Où nous emmènera le prochain épisode mercredi ?

"Dans le prochain épisode, à Papara, Hira Teriinatoofa nous emmène à la découverte de Taharuu, de son travail de coach et du caillou légendaire du spot de surf de Taharuu."


“Je vois la culture polynésienne comme une culture vivante et en constante évolution.”
Quelles étaient les principales difficultés ?

"Le plus dur dans cette série, c’est de réussir à rattacher les uns et les autres, à faire le lien entre le passé et le présent tout en questionnant notre devenir. Il y a aussi ce côté hybride de la série qui est un plus pour fédérer le plus d’audience.

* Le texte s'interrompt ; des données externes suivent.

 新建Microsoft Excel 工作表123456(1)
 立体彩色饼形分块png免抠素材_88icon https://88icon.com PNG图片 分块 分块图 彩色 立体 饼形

Nous mêlons prises de vues réelles (drone, sub, etc.) à de l’animation 3D, tout en ayant recours à une mise en scène de fiction, un planning de tournage, des découpages techniques, une création musicale… Tout cela a mis plus d’un an à se mettre en place et je pense qu’on est tous fiers du résultat ! J’espère vraiment que ce programme saura conquérir un public le plus large possible."

Donnez-nous votre vision de la culture polynésienne ?

"Je vois la culture polynésienne comme une culture vivante et en constante évolution. Une culture millénaire et orale que l’on doit se réapproprier. On doit réapprendre notre histoire et la culture ancienne ma’ohi, en tirer ses enseignements, et surtout la transmettre au plus grand nombre. Je crois qu’il faut préserver ce qui peut encore l’être : les langues, les paripari fenua, les légendes, les histoires, l’art oratoire, les chants, les danses, les valeurs polynésiennes de l’accueil et du partage, les rites, les marae, les rahui, le tatouage, etc. Je pense que la culture polynésienne doit préserver ses traditions tout en faisant preuve d’ouverture. C’est cela qui décrirait le mieux le concept de "Paripari fenua" : un magazine à mi-chemin entre enracinement et modernité. Le métissage en somme."

Quels sont vos prochains projets ?

"Dans la foulée, en novembre 2017, nous repartons sur un documentaire sur le même concept que la série "Paripari fenua" pour Nouvelle-Calédonie 1ère /France Ô qui nous a commandé un unitaire de 52 minutes, toujours tourné en Polynésie, avec des histoires, des personnes et des paysages du fenua, dans le cadre de la case "Archipels"."